Work task = Your output should be everything below from the line containing "Aparador Alto Melamina" down to the line containing "A Young Adult", both ends included, copied exactly, with pictures left out.

------ Task material

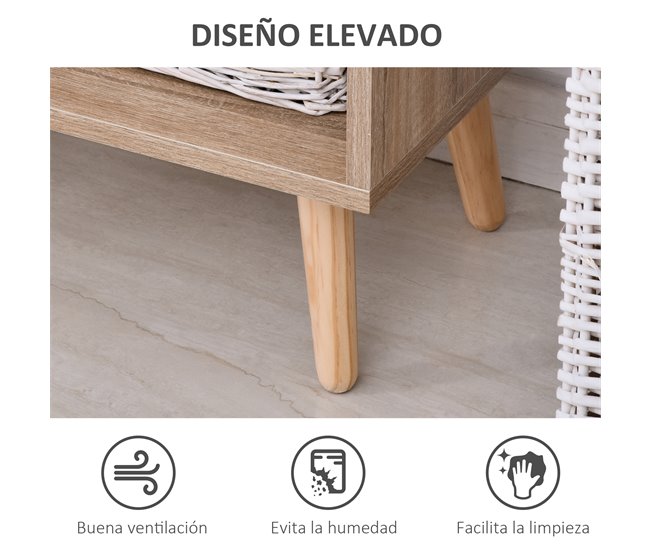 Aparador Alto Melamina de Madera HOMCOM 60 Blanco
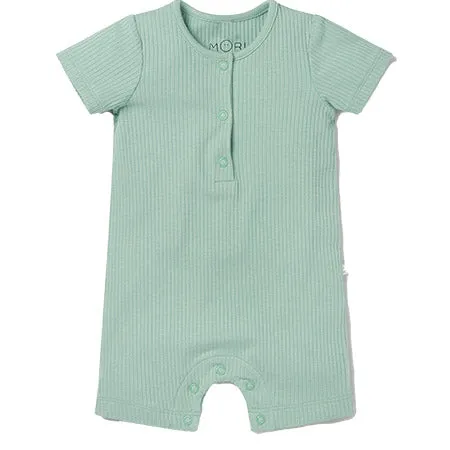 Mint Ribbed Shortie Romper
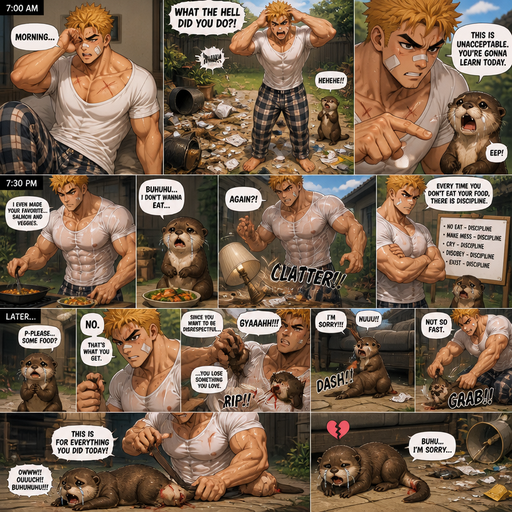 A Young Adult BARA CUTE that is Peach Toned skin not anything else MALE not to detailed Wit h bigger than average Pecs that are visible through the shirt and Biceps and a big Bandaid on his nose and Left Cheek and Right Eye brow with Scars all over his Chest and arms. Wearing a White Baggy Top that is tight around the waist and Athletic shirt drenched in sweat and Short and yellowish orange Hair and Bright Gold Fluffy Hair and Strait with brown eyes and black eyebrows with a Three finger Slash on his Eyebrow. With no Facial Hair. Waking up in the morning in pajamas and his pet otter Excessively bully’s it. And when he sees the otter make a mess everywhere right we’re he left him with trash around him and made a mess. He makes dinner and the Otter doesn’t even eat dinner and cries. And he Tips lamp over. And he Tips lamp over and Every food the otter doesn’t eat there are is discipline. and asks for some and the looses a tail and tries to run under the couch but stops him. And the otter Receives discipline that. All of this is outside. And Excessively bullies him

------------
------ Task material

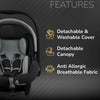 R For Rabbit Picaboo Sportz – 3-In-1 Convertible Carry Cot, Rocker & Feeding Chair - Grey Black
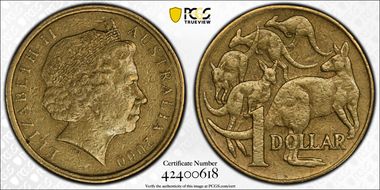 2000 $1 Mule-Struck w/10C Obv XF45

------------
------ Task material

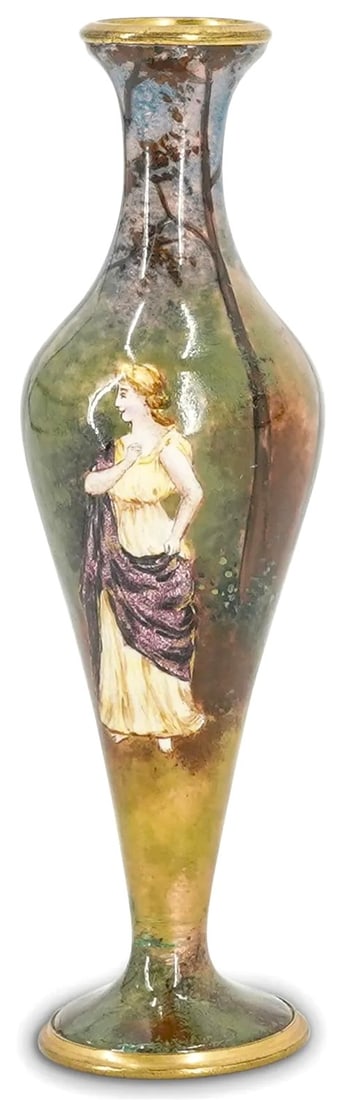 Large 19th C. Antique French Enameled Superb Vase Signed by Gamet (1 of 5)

------------

Answer to the exercise =
 Aparador Alto Melamina de Madera HOMCOM 60 Blanco
 Mint Ribbed Shortie Romper
 A Young Adult BARA CUTE that is Peach Toned skin not anything else MALE not to detailed Wit h bigger than average Pecs that are visible through the shirt and Biceps and a big Bandaid on his nose and Left Cheek and Right Eye brow with Scars all over his Chest and arms. Wearing a White Baggy Top that is tight around the waist and Athletic shirt drenched in sweat and Short and yellowish orange Hair and Bright Gold Fluffy Hair and Strait with brown eyes and black eyebrows with a Three finger Slash on his Eyebrow. With no Facial Hair. Waking up in the morning in pajamas and his pet otter Excessively bully’s it. And when he sees the otter make a mess everywhere right we’re he left him with trash around him and made a mess. He makes dinner and the Otter doesn’t even eat dinner and cries. And he Tips lamp over. And he Tips lamp over and Every food the otter doesn’t eat there are is discipline. and asks for some and the looses a tail and tries to run under the couch but stops him. And the otter Receives discipline that. All of this is outside. And Excessively bullies him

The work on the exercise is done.